Last December, I "met" online an English teacher from California with similar goals for writing, and we decided to be critique partners. The critiquing part is still developing, but we emailed each other nearly every day after that.
We told each other the most personal things--I've never been so frank with any other person (I've never been married; she's married). We both decided to attend a writers' conference taking place near her home, so we finally met in person, roomed together, and had a wonderful time.
Then I came home and the letdown started. She was excited about having a publisher request to see her manuscript, so she's been working on it non-stop because she has to go back to work next week. She did ask me about 10 days ago if I would read it and give my opinion as a reader--which I answered in the affirmative, of course--but I've heard nothing from her since.
My brain knows she's going crazy, with the manuscript, getting ready for school, the house, the hubby, etc., but my emotions are telling me she's changed her mind about having me read it (because she told me 10 days ago she planned to submit it today), and then I start imagining all sorts of things, like she thinks I'm a loser, etc. (I know better, but that doesn't mean I can stop thinking this way.)
I keep thinking she could at least email me to let me know what's going on, but of course, I could email her too, except I don't want to be a pest. I certainly don't want her to know how upset I am. Then she would really think I'm pathetic.
Of course, this whole incident just emphasized the fact that I really am going to be alone now, since my other friends are going back to school; even the single ones have responsibilities after school too. I can't concentrate on writing or anything, and it is affecting my appetite too (although I need to lose weight anyway).

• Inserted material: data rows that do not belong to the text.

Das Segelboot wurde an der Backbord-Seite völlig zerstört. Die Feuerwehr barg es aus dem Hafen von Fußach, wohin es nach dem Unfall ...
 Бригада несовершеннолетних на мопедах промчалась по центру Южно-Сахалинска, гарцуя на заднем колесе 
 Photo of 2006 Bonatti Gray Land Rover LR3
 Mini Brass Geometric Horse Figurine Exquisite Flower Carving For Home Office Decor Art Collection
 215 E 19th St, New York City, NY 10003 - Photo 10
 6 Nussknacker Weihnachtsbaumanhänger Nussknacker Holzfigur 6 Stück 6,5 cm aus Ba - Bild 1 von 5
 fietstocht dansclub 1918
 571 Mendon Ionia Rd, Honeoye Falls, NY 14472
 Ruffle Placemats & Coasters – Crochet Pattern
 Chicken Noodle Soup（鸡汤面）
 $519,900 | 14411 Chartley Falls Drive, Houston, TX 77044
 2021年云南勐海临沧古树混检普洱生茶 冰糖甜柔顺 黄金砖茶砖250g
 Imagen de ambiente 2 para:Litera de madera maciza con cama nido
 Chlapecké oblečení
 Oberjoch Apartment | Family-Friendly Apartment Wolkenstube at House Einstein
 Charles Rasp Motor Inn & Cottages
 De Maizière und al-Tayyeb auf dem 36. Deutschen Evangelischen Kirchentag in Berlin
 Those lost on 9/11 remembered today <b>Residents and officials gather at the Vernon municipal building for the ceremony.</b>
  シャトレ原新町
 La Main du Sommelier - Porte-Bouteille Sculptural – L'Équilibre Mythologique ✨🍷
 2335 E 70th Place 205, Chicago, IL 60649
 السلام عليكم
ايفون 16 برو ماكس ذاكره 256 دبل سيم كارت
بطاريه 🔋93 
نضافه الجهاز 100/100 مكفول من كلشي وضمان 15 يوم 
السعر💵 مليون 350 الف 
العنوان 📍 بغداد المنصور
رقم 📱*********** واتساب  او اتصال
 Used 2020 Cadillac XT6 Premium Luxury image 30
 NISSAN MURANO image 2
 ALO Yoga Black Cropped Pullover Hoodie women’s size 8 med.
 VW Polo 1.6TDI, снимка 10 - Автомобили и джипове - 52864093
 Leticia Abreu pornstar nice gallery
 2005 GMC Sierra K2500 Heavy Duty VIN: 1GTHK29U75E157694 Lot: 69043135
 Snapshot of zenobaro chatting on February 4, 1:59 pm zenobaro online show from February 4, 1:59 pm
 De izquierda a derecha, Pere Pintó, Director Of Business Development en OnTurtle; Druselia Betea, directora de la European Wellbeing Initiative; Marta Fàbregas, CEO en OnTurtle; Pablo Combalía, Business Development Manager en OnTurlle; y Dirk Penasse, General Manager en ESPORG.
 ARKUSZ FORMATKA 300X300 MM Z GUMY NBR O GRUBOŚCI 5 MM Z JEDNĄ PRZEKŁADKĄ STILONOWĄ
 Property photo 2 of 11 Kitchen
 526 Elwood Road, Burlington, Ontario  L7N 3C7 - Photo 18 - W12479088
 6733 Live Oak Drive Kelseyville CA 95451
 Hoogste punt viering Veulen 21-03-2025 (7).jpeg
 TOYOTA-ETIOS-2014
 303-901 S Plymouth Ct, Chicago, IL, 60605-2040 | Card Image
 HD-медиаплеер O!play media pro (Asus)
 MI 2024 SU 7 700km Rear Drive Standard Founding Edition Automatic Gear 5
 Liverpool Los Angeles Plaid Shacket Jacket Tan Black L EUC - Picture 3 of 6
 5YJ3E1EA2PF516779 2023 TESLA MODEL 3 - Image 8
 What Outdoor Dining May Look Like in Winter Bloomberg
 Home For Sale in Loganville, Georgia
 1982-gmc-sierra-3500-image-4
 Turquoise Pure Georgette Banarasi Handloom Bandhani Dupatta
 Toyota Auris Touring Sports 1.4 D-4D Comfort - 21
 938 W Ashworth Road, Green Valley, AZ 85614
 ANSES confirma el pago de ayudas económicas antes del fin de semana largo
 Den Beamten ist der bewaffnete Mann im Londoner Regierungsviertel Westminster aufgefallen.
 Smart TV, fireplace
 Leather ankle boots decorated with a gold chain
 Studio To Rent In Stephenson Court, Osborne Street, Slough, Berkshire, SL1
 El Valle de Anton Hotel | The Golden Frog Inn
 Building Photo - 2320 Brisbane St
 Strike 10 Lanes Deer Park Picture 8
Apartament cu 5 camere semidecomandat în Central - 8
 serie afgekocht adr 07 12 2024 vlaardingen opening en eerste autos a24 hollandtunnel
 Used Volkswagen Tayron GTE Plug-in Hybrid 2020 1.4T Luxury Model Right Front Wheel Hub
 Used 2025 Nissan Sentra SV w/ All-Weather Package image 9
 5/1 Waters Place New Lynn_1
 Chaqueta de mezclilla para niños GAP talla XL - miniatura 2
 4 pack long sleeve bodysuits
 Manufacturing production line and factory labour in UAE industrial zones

Intellectually, I know my thinking is all out of whack. I have a decent pension--not enough to move out to California, however--and relatively good health and I should be looking forward to the rest of my life and not picturing a big black emptiness. I have been seeing a counselor for over two years; when I brought this up last week for the first time, she said it's just my negative thinking and to keep working on developing a daily routine.
I don't want to take meds or anything, but I just need some advice on how to get over this. I check my email compulsively and there's never anything. I have been crying all day and trying to watch TV or read, but nothing will wipe out the negative thoughts. I talked to another friend of mine this morning, but she is busy getting ready for school too. I thought about taking off on a road trip at a moment's notice, but couldn't make a decision.
Wendy: I retired at 55 too, and though the world is at your feet -- it's hard to see that in the moment. I am now 2.5 years into retirement and feel totally blessed.